Top SlideShare Presentations on Big Data, updated
REST APIs and crawling offer two different ways to gather big data presentations from SlideShare, but they provide different results and lead to a very different view of the data. We examine why and find a useful data science lesson.
In a previous article about Most Popular Slideshare Presentations on Big Data, I analyzed the top articles about Big Data on the site. This was achieved by using Python to gather data directly from SlideShare’s API. Since then, however, it’s been pointed out that there are some slideshares about big data that are clearly very important that were excluded.

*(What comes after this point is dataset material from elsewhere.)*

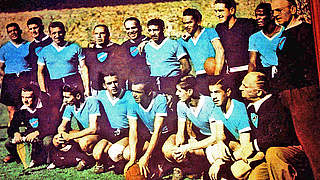 Weltmeister 1950 in Brasilien: Uruguay um Siegtorschütze Alcides Ghiggia (u.2.v.l.) © imago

For example, this slideshare, What is Big Data, by Bernard Marr was not included in the previous post despite having ten times the number of views of any of the slideshares included before! So clearly, using the API to retrieve the top slideshares was missing something. But just how much do these results differ? Here are the top 15 big data presentations on slideshare, using a the Google search “big data site:slideshare.net”:
|What is Big Data?||Bernard Marr||2/28/2014||205,756||4175||222|
|Big Data and Big Profits||McKinsey on Marketing & Sales||11/26/2013||187,828||3289||360|
|Big Data - The 5 Vs Everyone Must Know||Bernard Marr||2/28/2014||157,846||3570||251|
|Big Data in Real-Time at Twitter||nkallen||4/19/2010||146,303||6132||665|
|Big Data Analytics with Hadoop||Philippe Julio||10/19/2009||114,477||2399||552|
|Big Data - 25 Amazing Facts Everyone Should Know||Bernard Marr||9/24/2014||98,858||2196||178|
|Big data landscape v 3.0 - Matt Turck (FirstMark)||Matt Turck||5/11/2014||72,695||1786||99|
|Big Data and Advanced Analytics||McKinsey on Marketing & Sales||7/10/2013||72,682||0||243|
|Big Data: The 6 Key Skills Every Business Needs||Bernard Marr||11/25/2014||67,693||738||54|
|Big Data: The 4 Layers Everyone Must Know||Bernard Marr||9/17/2014||65,122||1644||116|
|Big Data and advanced analytics||McKinsey on Marketing & Sales||12/19/2012||62,903||2||190|
|Big Data Trends||David Feinleib||7/24/2012||59,276||4132||219|
|Big data 2020||HP Software Solutions||8/12/2014||58,328||86||106|
|A Primer on Big Data for Business||Leslie Bradshaw||3/2/2013||48,356||362||59|
|Big Data in Retail - Examples in Action||David Pittman||1/24/2013||41,147||1,010||30|
Immediately, compared to the results returned by the SlideShare API, we see these presentations have far more views. In fact, the presentation returned from the SlideShare API with the most views/day has fewer views/day than the least popular presentation returned from the Google search! There is definitely something strange going on here.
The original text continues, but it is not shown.